■ RECORDS ■
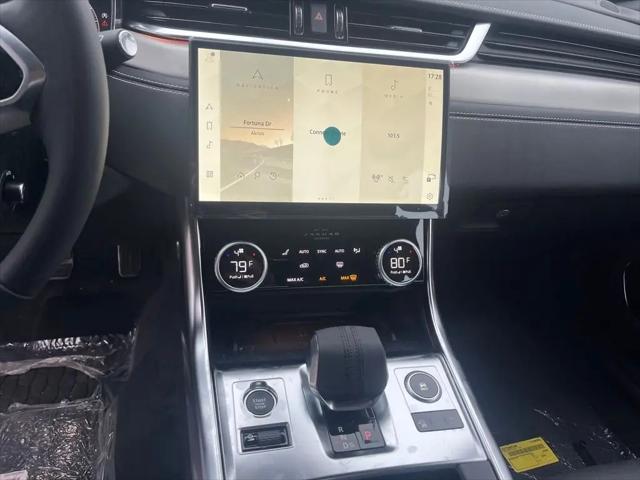 2024 Jaguar XF R-Dynamic SE P250 AWD Automatic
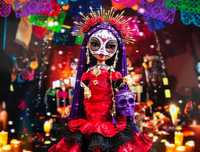 Колекційна лялька Rainbow High Collector Día De Los Muertos Maria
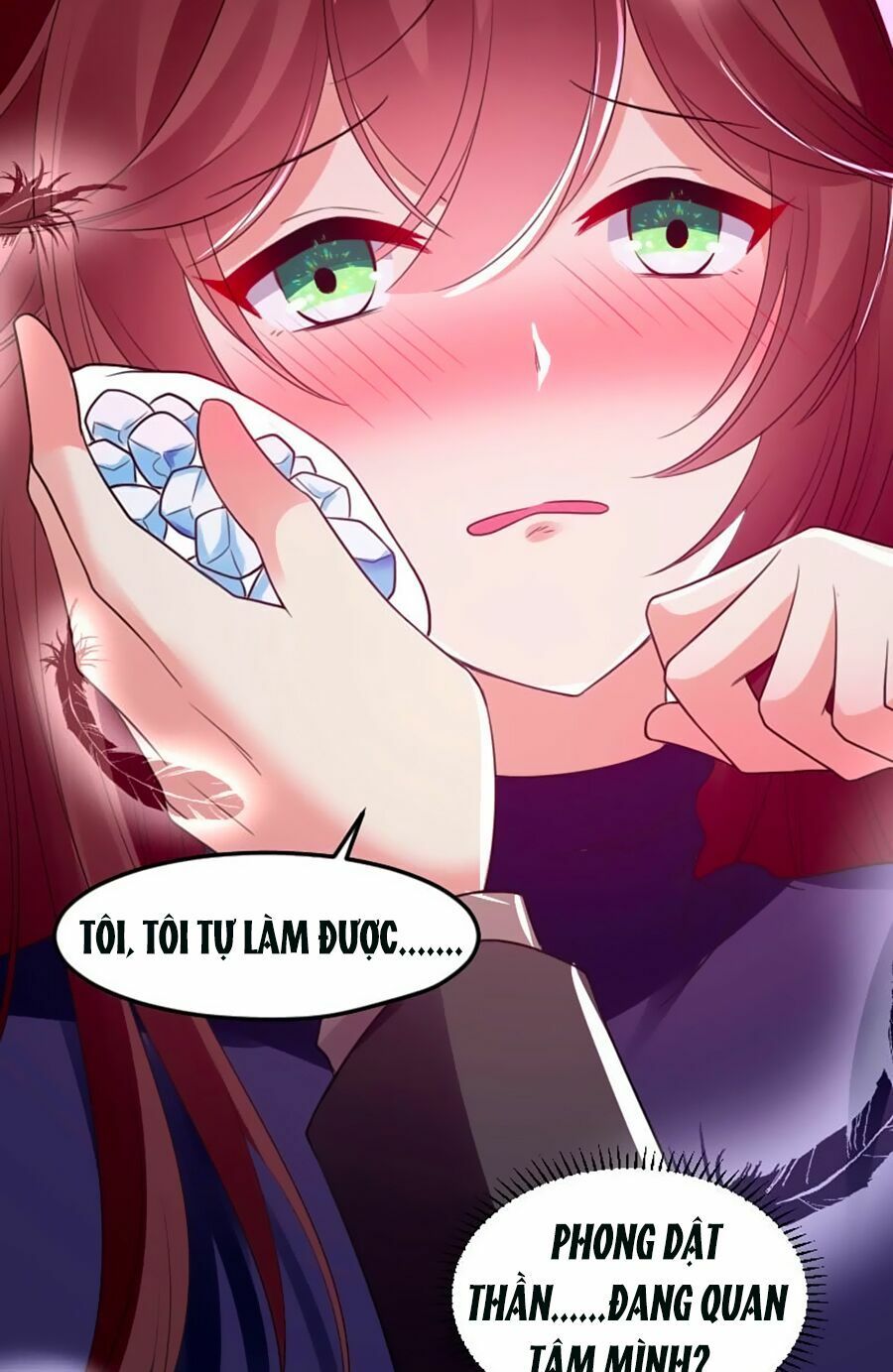 đọc truyện Thiên Tài Khốc Bảo: Tổng Tài Sủng Thê Quá Cường Hãn Chương 11 ảnh 10 tại Thiên Thai Truyện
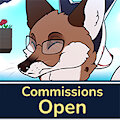 🐐Commissions Open🦊 by Meraence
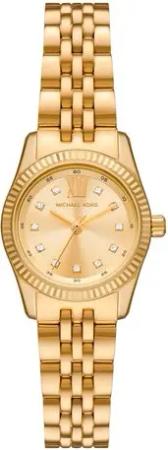 Michael Kors Uhr Lexington MK4741 Goldfarben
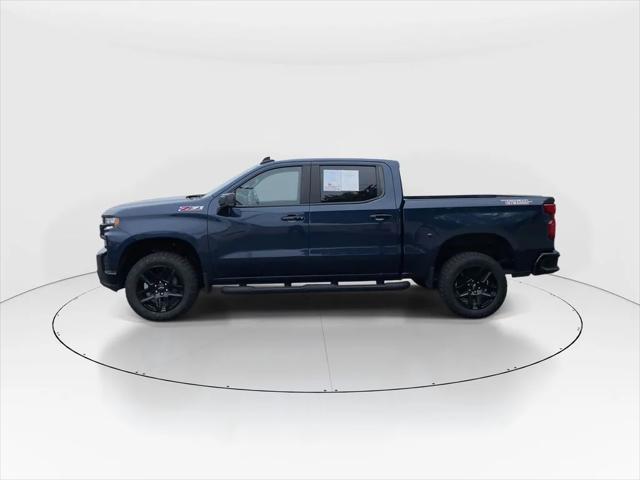 used 2021 Chevrolet Silverado 1500 car, priced at $39,999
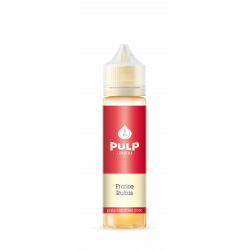 Pack Fraise Rubis 60ml - Pulp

■ INSTRUCTIONS FOR THE TASK ■
Each line from the one with "đọc truyện Thiên" to the final line of the data above is to be printed exactly; no picture should appear in the copy.

■ EXPECTED OUTPUT ■
 đọc truyện Thiên Tài Khốc Bảo: Tổng Tài Sủng Thê Quá Cường Hãn Chương 11 ảnh 10 tại Thiên Thai Truyện
 🐐Commissions Open🦊 by Meraence
 Michael Kors Uhr Lexington MK4741 Goldfarben
 used 2021 Chevrolet Silverado 1500 car, priced at $39,999
 Pack Fraise Rubis 60ml - Pulp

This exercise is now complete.